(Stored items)
.....

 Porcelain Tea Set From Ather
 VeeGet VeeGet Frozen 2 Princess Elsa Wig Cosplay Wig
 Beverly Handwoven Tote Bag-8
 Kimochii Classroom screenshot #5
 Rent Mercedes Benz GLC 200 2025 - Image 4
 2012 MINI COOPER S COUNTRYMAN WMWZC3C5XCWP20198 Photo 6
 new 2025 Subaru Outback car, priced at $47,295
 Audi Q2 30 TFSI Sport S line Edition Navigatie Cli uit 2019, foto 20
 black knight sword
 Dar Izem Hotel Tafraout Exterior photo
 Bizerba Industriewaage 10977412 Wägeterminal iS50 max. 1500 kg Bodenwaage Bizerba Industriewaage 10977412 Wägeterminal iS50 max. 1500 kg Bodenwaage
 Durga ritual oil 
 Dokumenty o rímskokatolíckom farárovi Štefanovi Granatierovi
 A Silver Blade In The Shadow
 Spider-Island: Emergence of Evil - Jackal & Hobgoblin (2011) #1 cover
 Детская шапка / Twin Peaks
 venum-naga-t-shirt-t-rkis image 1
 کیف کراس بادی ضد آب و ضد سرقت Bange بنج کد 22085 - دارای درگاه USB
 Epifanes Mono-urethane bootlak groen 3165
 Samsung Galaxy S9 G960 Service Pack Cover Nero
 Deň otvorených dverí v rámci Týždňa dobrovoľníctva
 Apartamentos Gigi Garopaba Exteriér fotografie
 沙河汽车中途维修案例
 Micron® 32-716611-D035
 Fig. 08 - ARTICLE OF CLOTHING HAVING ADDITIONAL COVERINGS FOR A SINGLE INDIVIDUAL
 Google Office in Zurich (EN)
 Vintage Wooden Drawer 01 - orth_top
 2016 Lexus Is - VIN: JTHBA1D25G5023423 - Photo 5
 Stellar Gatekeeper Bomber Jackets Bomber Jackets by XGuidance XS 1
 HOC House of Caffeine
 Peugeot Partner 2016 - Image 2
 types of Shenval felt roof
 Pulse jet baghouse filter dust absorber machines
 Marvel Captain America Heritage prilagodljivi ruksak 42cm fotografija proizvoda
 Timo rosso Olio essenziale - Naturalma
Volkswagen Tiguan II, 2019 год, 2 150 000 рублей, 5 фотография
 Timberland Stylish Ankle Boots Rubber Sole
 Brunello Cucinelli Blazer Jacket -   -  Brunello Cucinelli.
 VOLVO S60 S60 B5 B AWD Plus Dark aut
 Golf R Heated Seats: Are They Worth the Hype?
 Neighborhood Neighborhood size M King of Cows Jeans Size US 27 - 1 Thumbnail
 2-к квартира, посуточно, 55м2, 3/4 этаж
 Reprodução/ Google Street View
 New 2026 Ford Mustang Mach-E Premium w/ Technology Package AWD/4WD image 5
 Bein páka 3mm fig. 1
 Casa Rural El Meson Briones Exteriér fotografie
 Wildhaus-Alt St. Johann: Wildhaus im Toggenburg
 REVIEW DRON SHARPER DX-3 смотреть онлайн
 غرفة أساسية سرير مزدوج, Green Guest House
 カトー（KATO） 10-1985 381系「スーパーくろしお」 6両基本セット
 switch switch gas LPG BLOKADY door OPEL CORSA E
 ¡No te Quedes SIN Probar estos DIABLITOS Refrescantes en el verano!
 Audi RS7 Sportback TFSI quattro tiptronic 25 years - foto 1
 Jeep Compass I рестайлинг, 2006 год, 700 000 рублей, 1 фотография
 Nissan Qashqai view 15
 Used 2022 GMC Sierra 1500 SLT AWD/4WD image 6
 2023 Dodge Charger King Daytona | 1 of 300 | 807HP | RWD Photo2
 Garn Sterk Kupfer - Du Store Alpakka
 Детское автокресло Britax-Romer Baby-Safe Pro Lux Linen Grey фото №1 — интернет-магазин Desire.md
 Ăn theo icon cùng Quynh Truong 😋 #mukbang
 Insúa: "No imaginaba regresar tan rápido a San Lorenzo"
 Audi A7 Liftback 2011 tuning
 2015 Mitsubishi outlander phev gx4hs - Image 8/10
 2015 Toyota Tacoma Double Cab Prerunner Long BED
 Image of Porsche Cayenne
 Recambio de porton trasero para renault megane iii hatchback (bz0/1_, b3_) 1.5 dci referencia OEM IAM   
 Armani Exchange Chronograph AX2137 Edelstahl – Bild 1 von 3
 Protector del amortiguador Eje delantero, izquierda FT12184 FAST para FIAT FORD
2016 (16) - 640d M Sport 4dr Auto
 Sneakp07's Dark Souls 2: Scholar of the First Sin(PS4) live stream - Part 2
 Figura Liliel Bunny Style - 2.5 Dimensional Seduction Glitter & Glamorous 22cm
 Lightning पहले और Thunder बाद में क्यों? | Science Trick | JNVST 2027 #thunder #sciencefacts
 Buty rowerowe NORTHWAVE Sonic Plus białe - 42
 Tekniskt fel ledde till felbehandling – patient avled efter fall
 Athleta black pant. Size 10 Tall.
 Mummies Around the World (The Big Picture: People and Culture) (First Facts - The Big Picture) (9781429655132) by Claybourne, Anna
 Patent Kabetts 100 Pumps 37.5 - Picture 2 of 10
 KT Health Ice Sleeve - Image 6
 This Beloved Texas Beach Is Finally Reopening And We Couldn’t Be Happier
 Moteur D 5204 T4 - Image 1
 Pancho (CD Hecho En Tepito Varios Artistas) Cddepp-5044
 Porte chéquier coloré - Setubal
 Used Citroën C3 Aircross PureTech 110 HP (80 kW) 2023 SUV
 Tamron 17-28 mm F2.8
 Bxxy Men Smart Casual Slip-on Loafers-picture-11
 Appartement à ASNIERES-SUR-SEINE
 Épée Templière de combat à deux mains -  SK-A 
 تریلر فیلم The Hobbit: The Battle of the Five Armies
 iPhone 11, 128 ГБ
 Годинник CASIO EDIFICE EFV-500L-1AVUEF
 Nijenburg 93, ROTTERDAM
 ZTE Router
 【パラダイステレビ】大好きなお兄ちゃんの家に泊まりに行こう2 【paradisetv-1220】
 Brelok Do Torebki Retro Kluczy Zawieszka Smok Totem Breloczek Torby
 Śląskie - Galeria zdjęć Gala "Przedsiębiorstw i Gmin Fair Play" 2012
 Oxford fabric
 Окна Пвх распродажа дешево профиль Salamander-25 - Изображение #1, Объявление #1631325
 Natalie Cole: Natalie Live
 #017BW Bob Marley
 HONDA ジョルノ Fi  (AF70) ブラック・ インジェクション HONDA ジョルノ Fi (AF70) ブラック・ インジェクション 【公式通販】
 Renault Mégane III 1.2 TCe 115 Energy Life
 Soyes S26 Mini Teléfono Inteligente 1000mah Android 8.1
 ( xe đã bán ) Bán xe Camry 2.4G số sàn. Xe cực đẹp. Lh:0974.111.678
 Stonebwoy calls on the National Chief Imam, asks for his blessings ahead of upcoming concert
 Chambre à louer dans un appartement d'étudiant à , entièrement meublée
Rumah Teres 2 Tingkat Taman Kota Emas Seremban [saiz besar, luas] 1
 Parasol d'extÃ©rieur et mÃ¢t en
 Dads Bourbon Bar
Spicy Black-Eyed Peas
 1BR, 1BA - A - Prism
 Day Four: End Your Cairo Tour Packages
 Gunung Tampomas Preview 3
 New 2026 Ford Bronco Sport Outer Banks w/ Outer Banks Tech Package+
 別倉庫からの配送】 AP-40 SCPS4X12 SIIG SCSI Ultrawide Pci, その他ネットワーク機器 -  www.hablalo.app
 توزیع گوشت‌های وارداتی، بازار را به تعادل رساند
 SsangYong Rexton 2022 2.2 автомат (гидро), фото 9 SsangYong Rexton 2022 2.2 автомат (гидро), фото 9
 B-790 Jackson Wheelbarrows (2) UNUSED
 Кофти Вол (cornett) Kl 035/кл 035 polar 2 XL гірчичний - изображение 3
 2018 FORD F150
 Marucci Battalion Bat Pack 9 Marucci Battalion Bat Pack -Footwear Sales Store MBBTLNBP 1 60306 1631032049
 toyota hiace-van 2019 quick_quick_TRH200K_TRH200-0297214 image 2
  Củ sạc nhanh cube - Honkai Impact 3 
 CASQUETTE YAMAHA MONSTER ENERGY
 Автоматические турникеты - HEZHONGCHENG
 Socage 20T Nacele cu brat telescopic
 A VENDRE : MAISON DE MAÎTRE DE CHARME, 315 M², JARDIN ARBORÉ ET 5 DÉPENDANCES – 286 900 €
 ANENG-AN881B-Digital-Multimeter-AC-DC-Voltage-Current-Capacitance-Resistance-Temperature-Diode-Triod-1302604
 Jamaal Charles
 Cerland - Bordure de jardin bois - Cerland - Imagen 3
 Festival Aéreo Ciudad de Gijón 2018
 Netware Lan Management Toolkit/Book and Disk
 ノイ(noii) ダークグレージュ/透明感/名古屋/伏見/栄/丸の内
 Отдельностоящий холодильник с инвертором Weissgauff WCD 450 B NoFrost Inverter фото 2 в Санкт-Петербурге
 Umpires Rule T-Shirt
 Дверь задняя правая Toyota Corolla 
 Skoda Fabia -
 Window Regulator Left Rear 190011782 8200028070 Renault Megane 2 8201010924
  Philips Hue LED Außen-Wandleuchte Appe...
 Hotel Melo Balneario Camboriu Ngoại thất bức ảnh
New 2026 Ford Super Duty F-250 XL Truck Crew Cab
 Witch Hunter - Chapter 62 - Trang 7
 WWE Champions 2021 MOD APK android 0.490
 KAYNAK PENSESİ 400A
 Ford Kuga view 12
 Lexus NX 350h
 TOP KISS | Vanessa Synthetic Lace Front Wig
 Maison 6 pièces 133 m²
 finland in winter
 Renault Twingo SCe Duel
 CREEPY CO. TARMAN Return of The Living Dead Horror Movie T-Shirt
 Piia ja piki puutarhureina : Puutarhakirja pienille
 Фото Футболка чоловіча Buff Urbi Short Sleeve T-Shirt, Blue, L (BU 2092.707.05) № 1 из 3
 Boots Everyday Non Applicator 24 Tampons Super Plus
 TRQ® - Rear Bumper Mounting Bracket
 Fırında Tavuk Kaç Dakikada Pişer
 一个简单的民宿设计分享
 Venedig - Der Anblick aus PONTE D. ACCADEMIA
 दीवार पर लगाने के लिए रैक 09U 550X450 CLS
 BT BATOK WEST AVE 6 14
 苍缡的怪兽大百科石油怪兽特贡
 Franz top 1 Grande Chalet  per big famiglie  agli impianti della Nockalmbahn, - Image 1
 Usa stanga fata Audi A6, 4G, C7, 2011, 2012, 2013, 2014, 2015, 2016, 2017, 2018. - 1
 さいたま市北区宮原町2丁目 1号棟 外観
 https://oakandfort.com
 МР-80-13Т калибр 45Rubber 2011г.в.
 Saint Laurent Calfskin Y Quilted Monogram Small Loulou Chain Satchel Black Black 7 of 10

.....

◆ Requirement
Your answer should be only the number of lines, in the entries above, that include "Plus".

◆ Response to the task
3